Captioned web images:
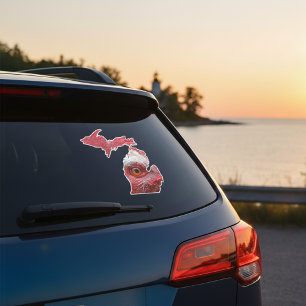 Michigan Chicken Silhouette Sticker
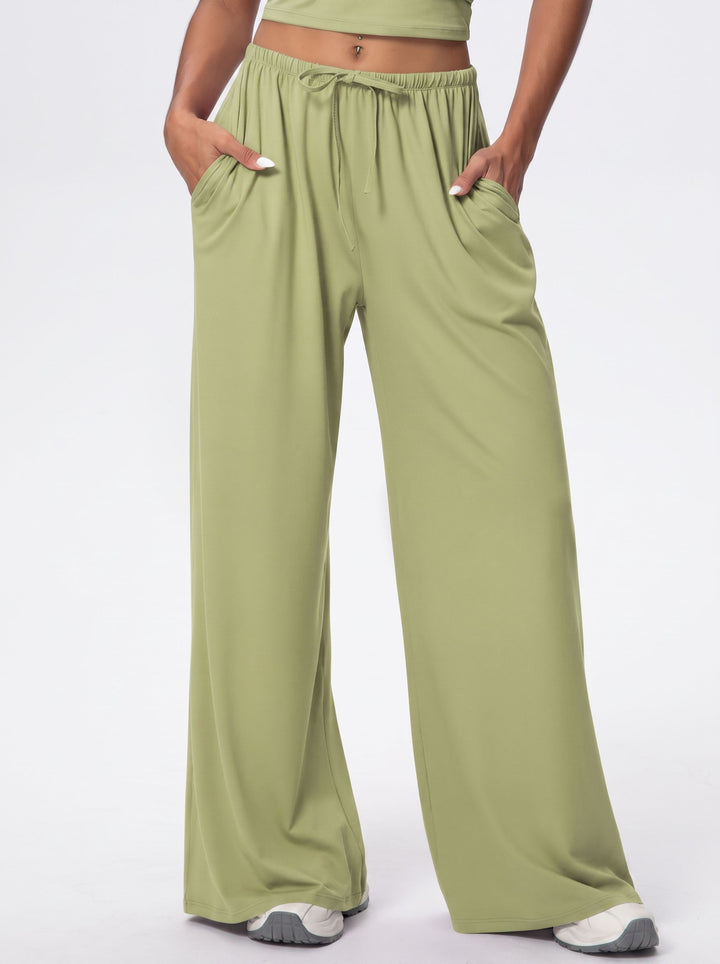 Buttery Soft Drawstring Wide Leg Pants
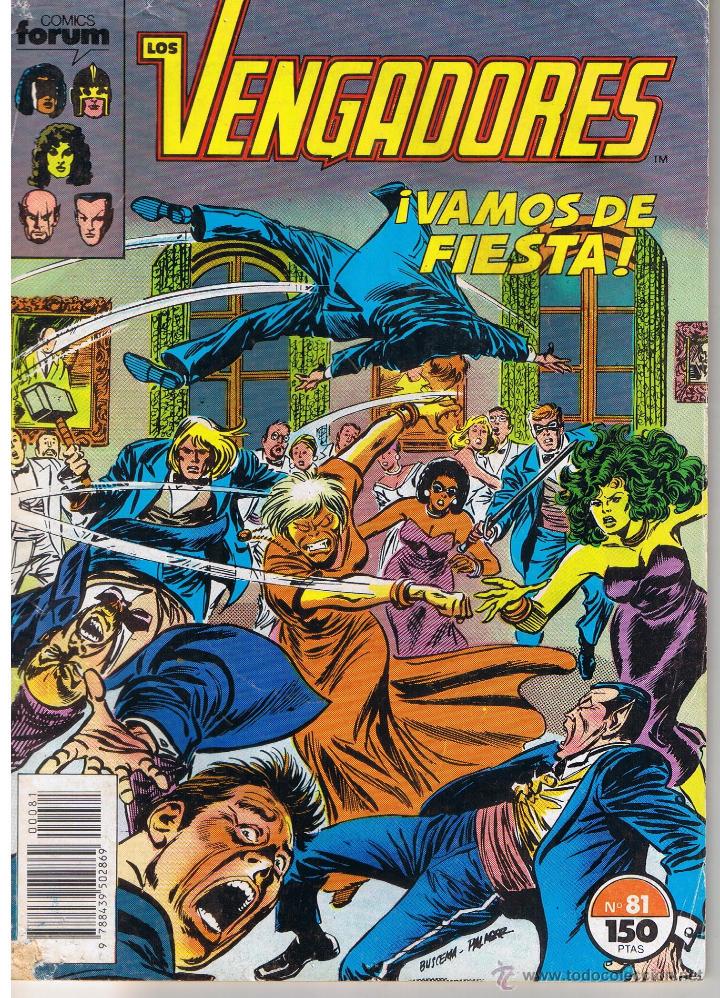 C&oacute;mics: LOS VENGADORES. NUMERO 81. FORUM - Foto 1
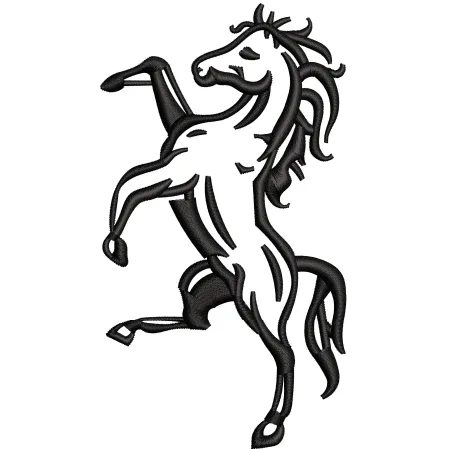 Horse Embroidery Design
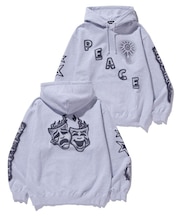 AIRBRUSH PULLOVER HOODED SWEATSHIRT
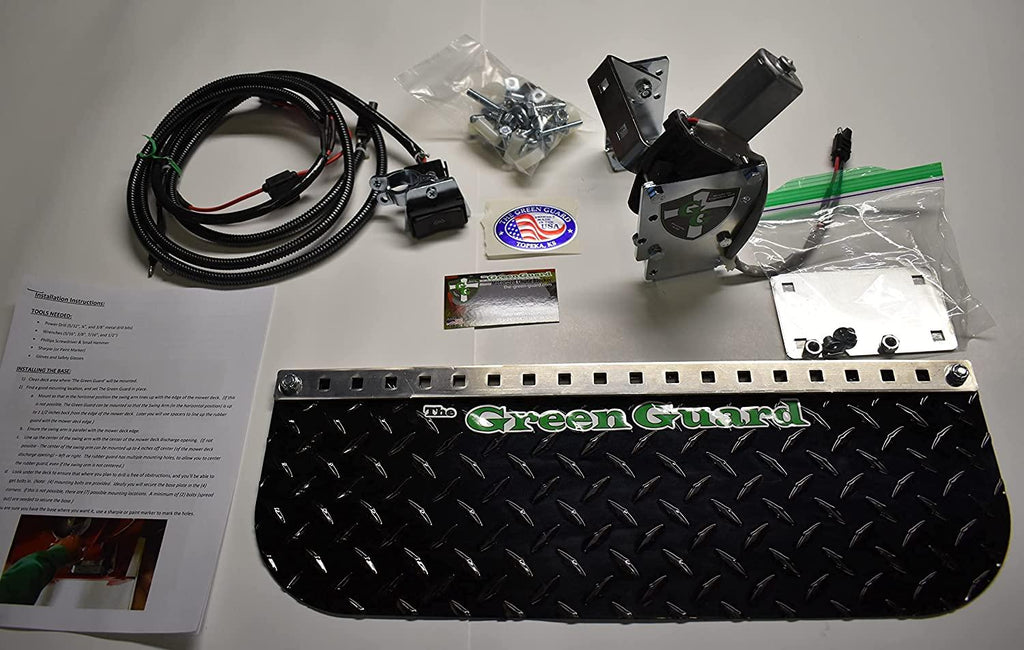 The Green Guard 'Slim' - Motorized Chute Blocker with Aluminum Guard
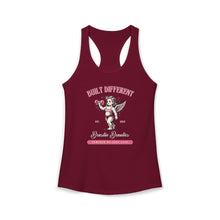 Load image into Gallery viewer, Built Different Cupid Racerback Tank — Women's Athletic Valentine Tank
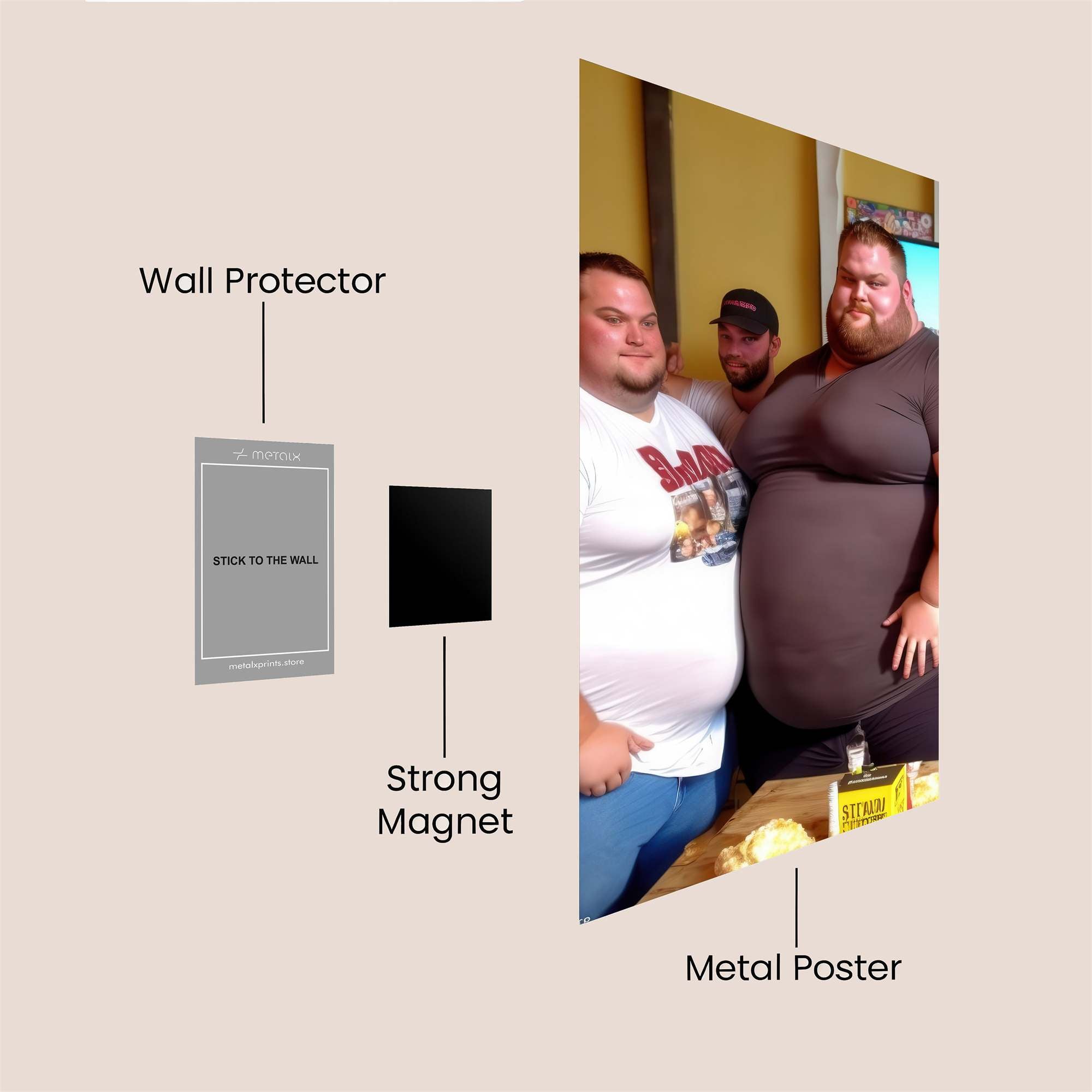 Brian Bold Safe Wall Magnetic / M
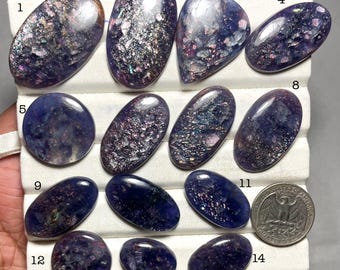 Natural Iolite Sunstone Cabochon: AAA+ Quality Iolite Loose Gemstone Making Jewelry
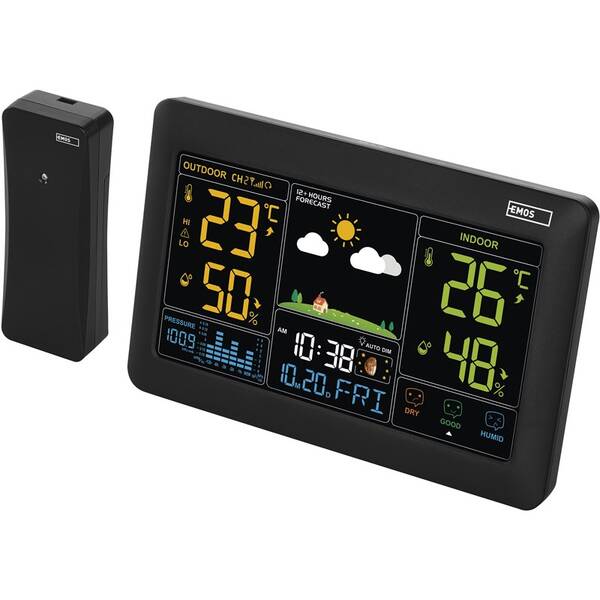 Meteorologická stanice EMOS E0387 černá barva
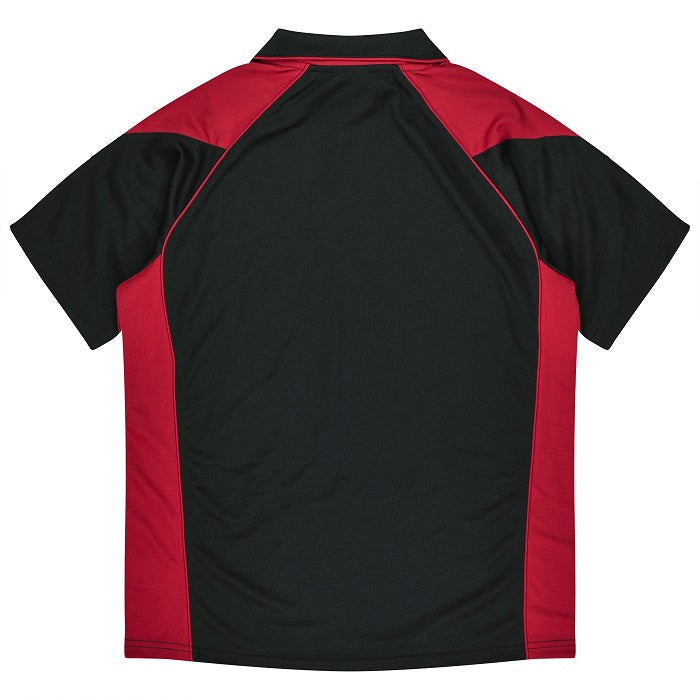Aussie Pacific N1301 Premier Mens Polo Black/Red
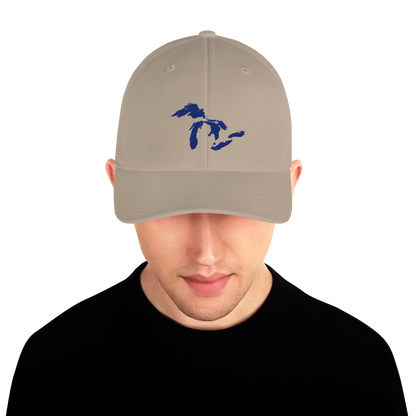 Great Lakes Fitted Baseball Cap | Bourbon Blue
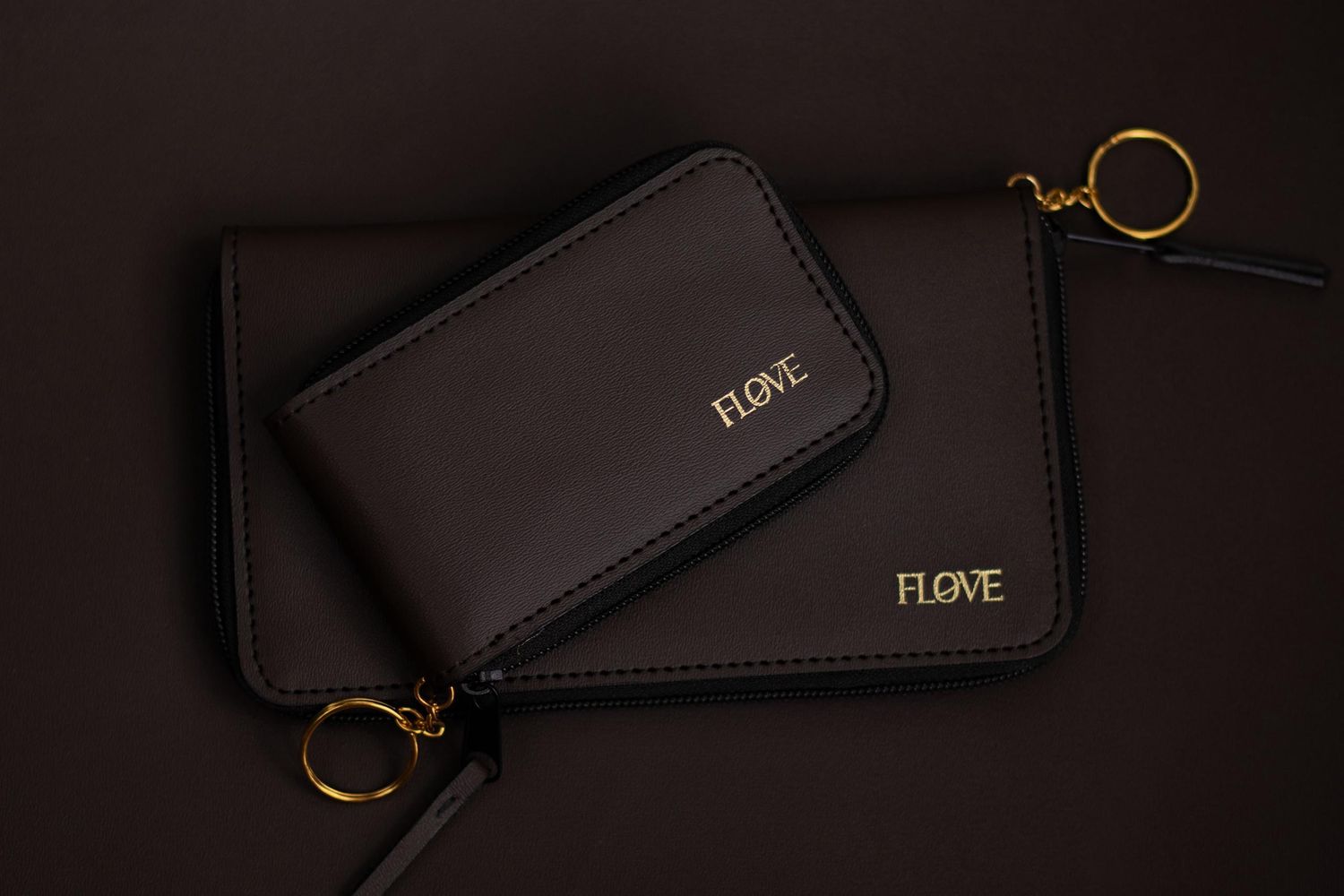 Bi Fold wallet Sets (BROWN)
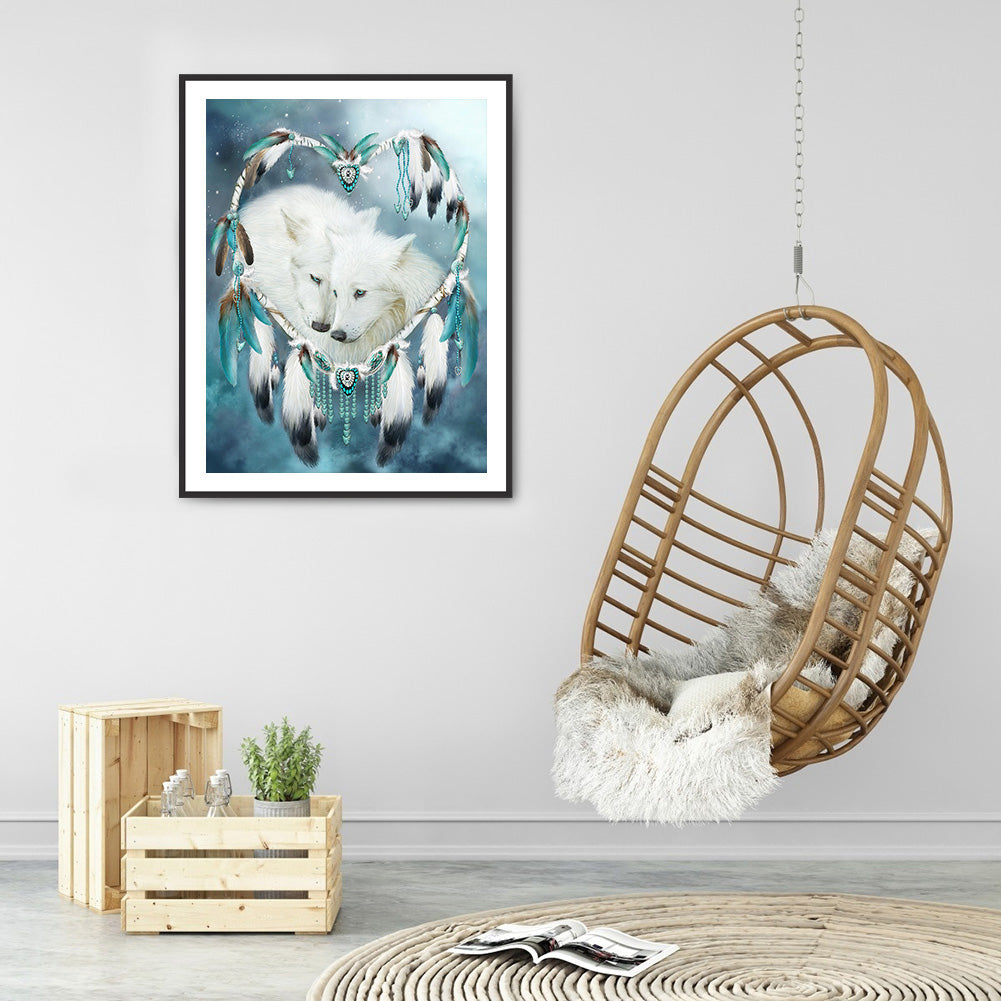 Dream Catcher - Full Round Drill Diamond Painting 30*40CM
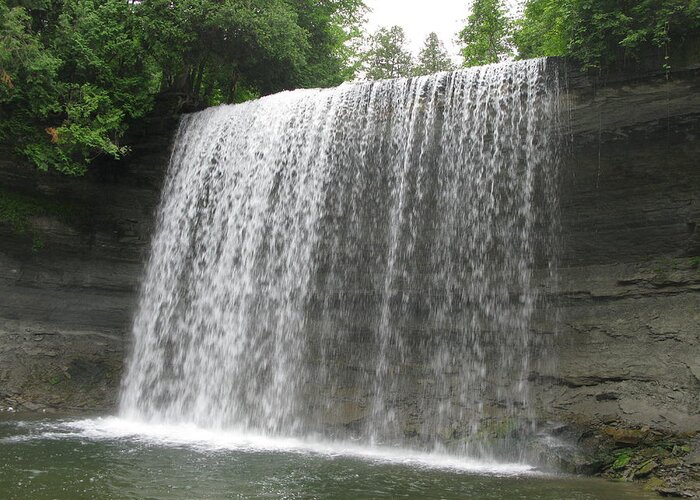 Waterfall Greeting Card featuring the photograph Bridal Veil Falls by David Barker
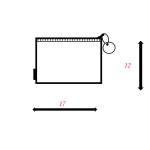 Busta con zip Bubble 17 x 12 cm EVA colori pastello assortiti - 21751 - 1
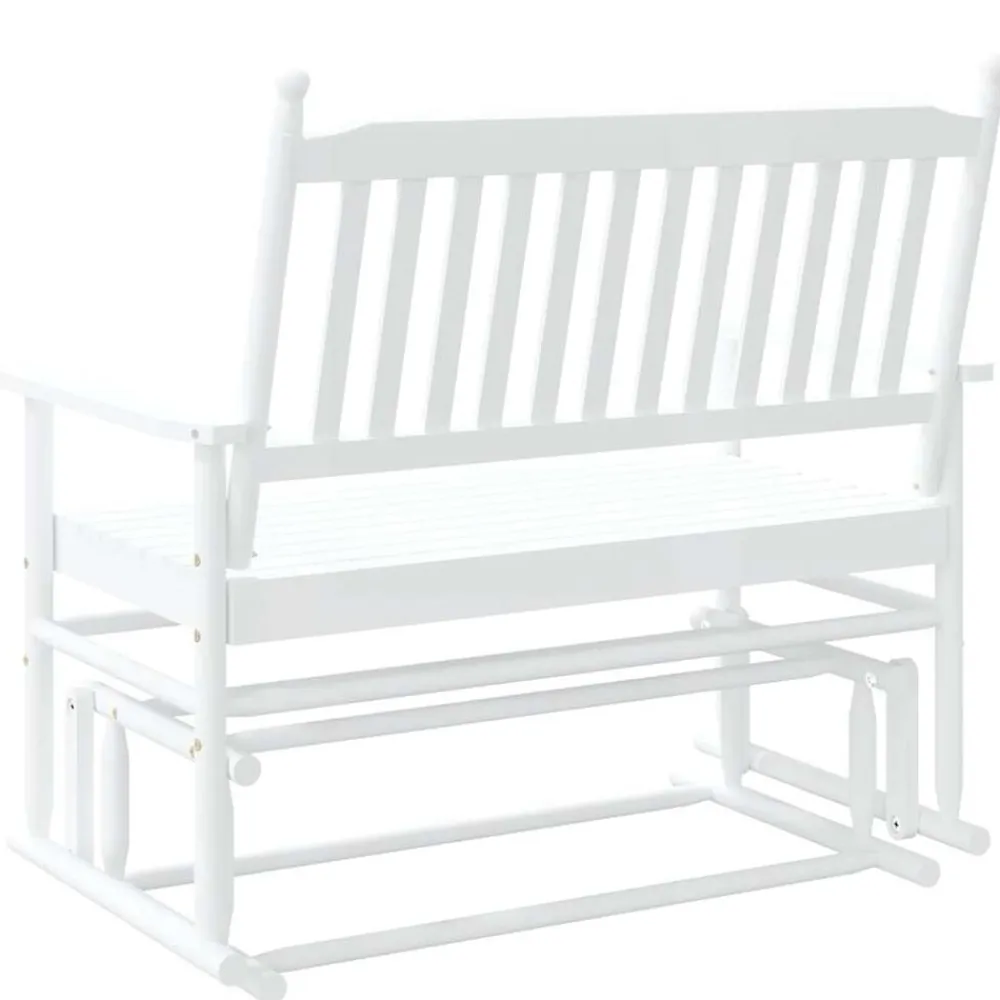 vidaXL Sillas-Banco deslizante madera maciza de álamo 118x70x104,5 cm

Work order:
Take the records above from their first line through the line with "The Green Guard" and set those lines down word for word, minus the pictures.

Output for this task:
 Michigan Chicken Silhouette Sticker
 Buttery Soft Drawstring Wide Leg Pants
 C&oacute;mics: LOS VENGADORES. NUMERO 81. FORUM - Foto 1
 Horse Embroidery Design
 AIRBRUSH PULLOVER HOODED SWEATSHIRT
 The Green Guard 'Slim' - Motorized Chute Blocker with Aluminum Guard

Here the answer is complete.